Enhancing opportunities

At the webinar — sponsored by the Government-University-Industry-Philanthropy Research Roundtable — Shelli Brunswick, CEO and co-founder of SB Global LLC, shared some of the results of a 2022 survey she conducted for the World Business Angels Investment Forum. 

The survey sought to shed light on the state of female entrepreneurship globally. When asked about the obstacles they ran into, women entrepreneurs pointed to encountering traditional views that entrepreneurship is a male activity, as well as difficulties obtaining finance. 

What did respondents believe could enhance opportunities? Greater access to financial resources was their top answer, followed by government policies that support entrepreneurship generally.  

“There can be good legislative policies,” said Brunswick, noting her own experience in space procurement for the Air Force. “How do you use set-asides to ensure small businesses and innovative thinking have an opportunity to compete for contracts, so you don’t always give contracts to the same people?”

“I think what’s needed is a dual approach for strengthening ecosystem access, improving access to capital … while also developing focused support spaces where women can share unfiltered insights about leadership challenges, access targeted resources, build strategic relationships,” said Jacqueline Olich, principal and founder of Veza Alliance Management. “The ripple effects of women’s increased participation in entrepreneurship and investment create positive change throughout our innovation ecosystem.”  

Multiple speakers highlighted the importance of ensuring these opportunities extend to underrepresented women, including women of color. Mohamed said that in some cases, allies may need to actively make space for others to participate and lead, to create a more equitable landscape.

The key role of professional networks and sponsors

Olich, along with other speakers, noted the importance of professional networks. “Rather than waiting for existing systems to change, women are creating their own ecosystems of support and innovation,” she said. An example is the Biotech CEO Sisterhood, which connects women leaders in the biopharmaceutical industry to support one another. 

Mohamed relayed how networks had supported her at pivotal parts of her career. “These are the people you call when you’re down, or you’re concerned, or you hit a roadblock, and they’re brainstorming in the moment.”

 “Invest in your network before you need it,” she advised, urging women to develop the networks they are already a part of — alumni communities, work communities, and the physical communities where they live — and to seek out new ones. “Find groups that align with your values, your goals, and put into things as much as you want to eventually take out.”

The presenters also stressed the value of another type of relationship — sponsorship, in which a leader or senior member of an industry or company actively advocates for a new entrepreneur. 
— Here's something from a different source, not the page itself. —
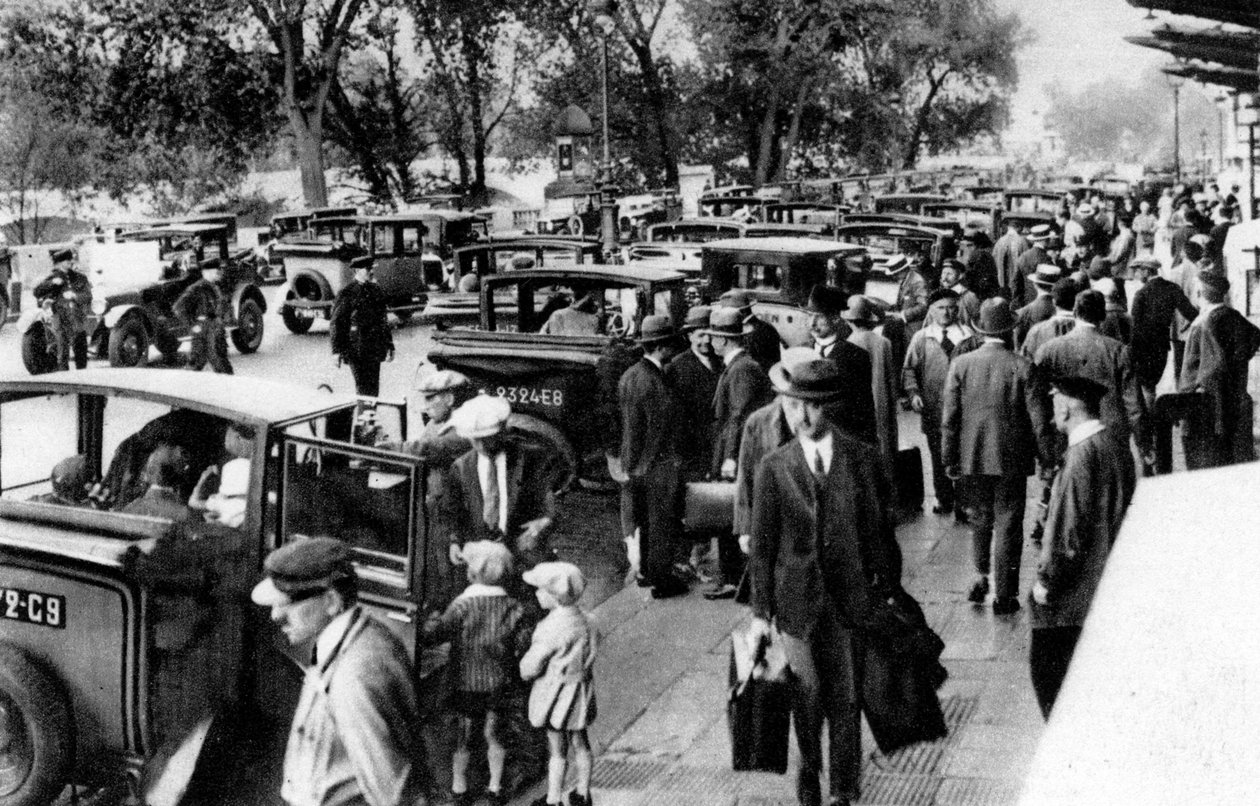 حشود أمام المحطة ، أورساي ، باريس ، 1931 بواسطة إرنست فلاماريون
Why is sponsorship so important? “While mentorship can change mentees for the better through coaching and encouragement — which we all need — sponsorship changes the social environment around proteges by actively advocating for, raising the social visibility of, and sometimes protecting them,” said Olich, citing research from Rosalind Chow. “Sponsorship is more proactive.” 
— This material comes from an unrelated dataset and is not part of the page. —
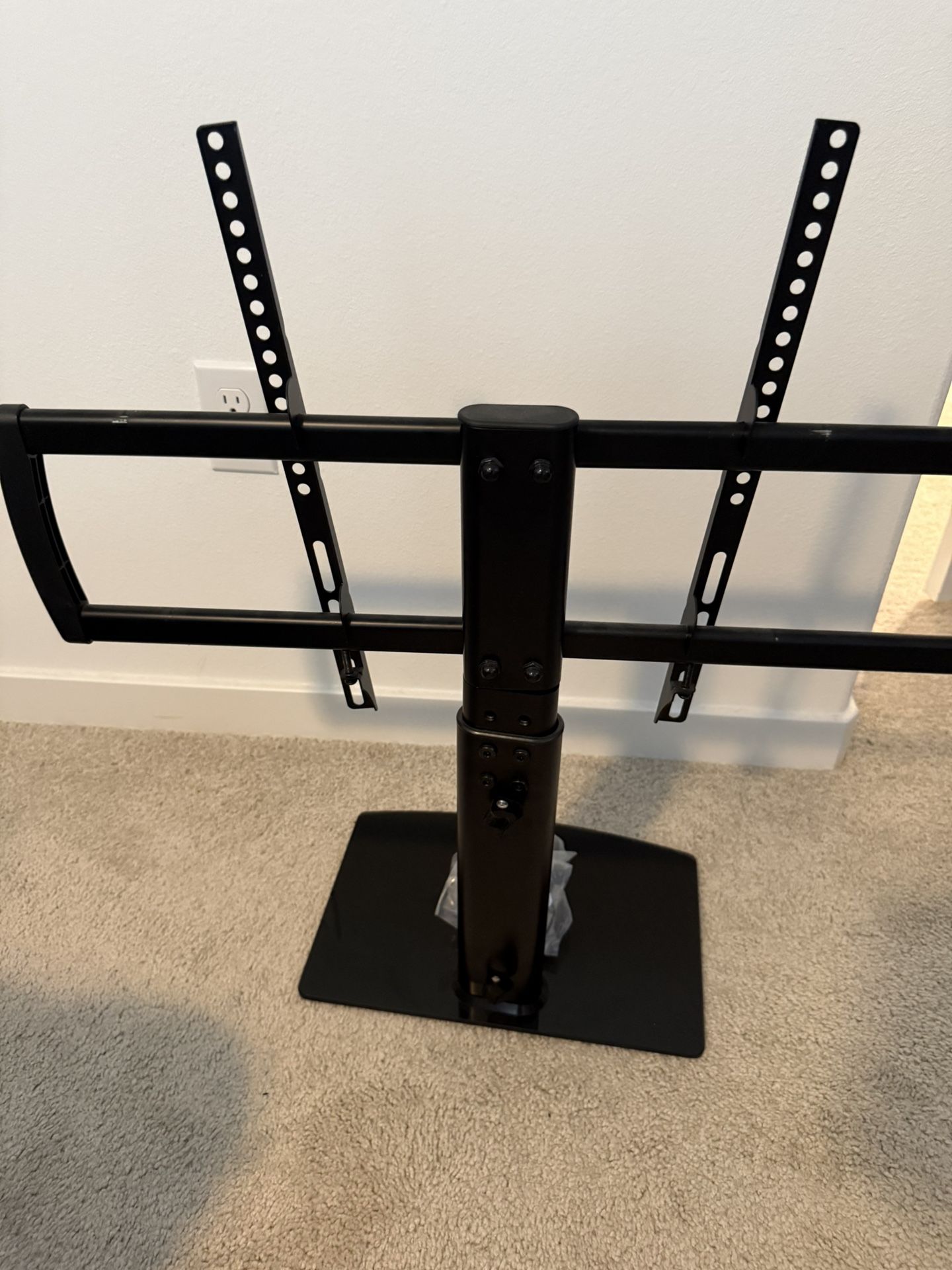 Universal Swivel TV Mount - 32in-65in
“STEM women entrepreneurs often lack sponsors, which is a significant barrier to their success,” said Olich. “The challenges of securing funding and dealing with biases in investment decisions really highlight the need for sponsorship to help bridge these gaps.”
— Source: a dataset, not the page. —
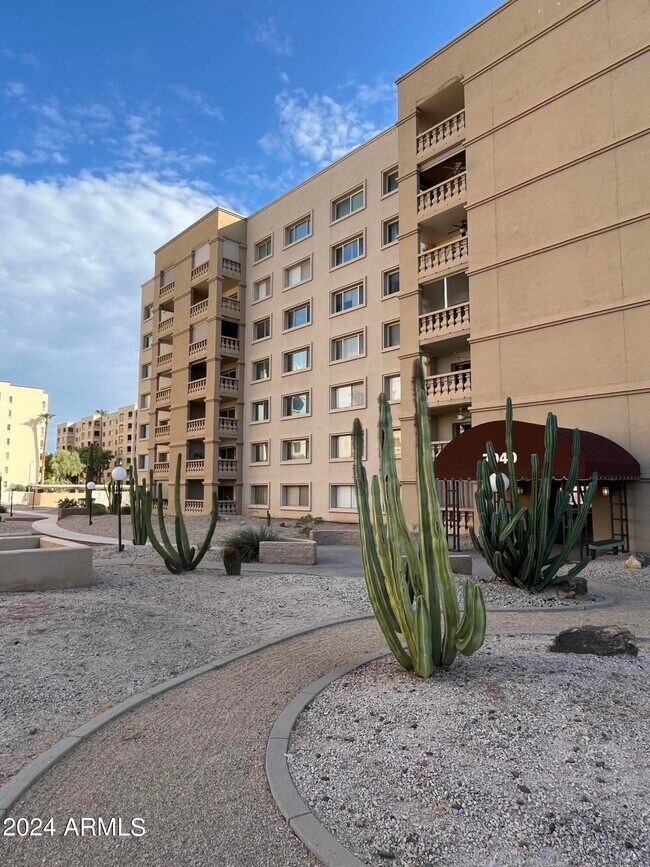 Building Photo - 7940 E Camelback Rd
Here too, women’s networks are of value, as they can prepare entrepreneurs to find sponsors, said Julie Collins of the National Science Foundation’s Innovation Corps. “Having people — a tribe, peer mentors — that are going to hold you accountable for the things you need to work on,” she said. “If you’re an entrepreneur, you better be able to nail your market, you better be able to understand who your customers are, what your value is, how you’re going after it. And so you need people that are going to hold you accountable for telling that story well, so that when you find [potential sponsors] they are going to advocate for you.”